Am I reading this right in that the 556 with 10.5 and suppressor attached is still louder than a 16 inch 556 without a suppressor?
...no...you are not !...you missed this part...

ullie said:
...you can suppress you 556 SBR just fine...however...all things being equal..that is...using the same ammunition...suppressor...mount...enviromental factors such as air density and temperature ....
...now read the entire paragraph...

ullie said:
...you can suppress you 556 SBR just fine...however...all things being equal..that is...using the same ammunition...suppressor...mount...enviromental factors such as air density and temperature ....the 556 with the shorter barrel will be louder than a 556 with a longer barrel...even though the "net reduction" in the amplitude of the primary pressure wave may be equal...this is a result of the greater pressure levels exiting the muzzle and vents due to them being closer to the chamber in the 556 with the shorter barrel...
...some things to consider...

...the "net reduction" in the sound signuture is determined by the overall efficiency of the suppressor...when comparing the efficiency of "any" suppressor to that of another... you should generally look at the "net reduction" in decibles under virtually "controled conditions" if possible...using appropiate sound measuring equiptment...ie...that will accurately be able to measure the amplitude of the "peak" pressure wave emitted from not only the muzzle unsuppressed...but also suppressed...because of the extreamely rapid rise time and short duration of the peak pressure wave...most comparative published "claimed reductions" in the sound signatures are grossly exagerated...another "very important" thing to consider are the tonal qualities of the pressure wave "after" being attenuated by the suppressor...in other words...a suppressor with a net "lessor" reduction in the amplitude of the pressure wave may actually sound more quite than one with a "greater" net reduction because of a shift in frequency...making the "pressure wave"...ie the gunshot... sound less like a "gunshot"...

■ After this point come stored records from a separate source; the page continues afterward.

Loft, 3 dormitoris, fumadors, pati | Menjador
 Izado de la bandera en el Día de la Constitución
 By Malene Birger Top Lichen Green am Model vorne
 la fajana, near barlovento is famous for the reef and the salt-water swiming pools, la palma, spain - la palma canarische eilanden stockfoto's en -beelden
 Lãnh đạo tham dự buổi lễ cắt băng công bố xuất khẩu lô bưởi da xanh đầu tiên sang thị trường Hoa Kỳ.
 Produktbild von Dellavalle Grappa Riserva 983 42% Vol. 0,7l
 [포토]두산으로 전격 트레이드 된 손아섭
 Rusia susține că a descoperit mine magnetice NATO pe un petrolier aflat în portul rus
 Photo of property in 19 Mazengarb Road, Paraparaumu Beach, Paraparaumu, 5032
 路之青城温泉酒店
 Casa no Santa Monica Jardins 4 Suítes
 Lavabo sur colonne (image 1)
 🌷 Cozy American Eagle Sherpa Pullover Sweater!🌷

...in order to gain the greatest reduction in the sound signature of any particular weapon there are dozens of factors to be considered...including the design of the suppressor...and there are many configurations...some work well with lower velosity gases and lessor pressures...others are more effective with high velosity...high pressure gasses...

...something to consider...a reduction of 3 decibles actually "halves" the amount of energy present in the "sound of the gunshot"...likewise...an increase in energy of 3 decibles actually doubles it...so very small numerical depictions may make a tremendous preceptual difference...as will any positive shift in frequency...masking the sound of the gunshot...as will your position relative to the listener since sound travels in waves that decrease in amplitude based on the inverse sqaure of the distance travled....and is also attenuated by your surroundings...ie...such as having the pressure wave bounce back to a "listener"...who precieves the "gunshot" as a single sound...but cumalitively...

...unfortunately...most users simply mount a suppressor onto a weapon without fully understanding the properties of sound...the mechanical advantages or disadvantages of a particular weapon...including the mount...and the circumstances of use...suppressors can be "fun" at the range...but can...if used properly...give the user a tremendous tactical advantage in the field...actually confusing the "listner" as to the origin point of the gunshot ! ...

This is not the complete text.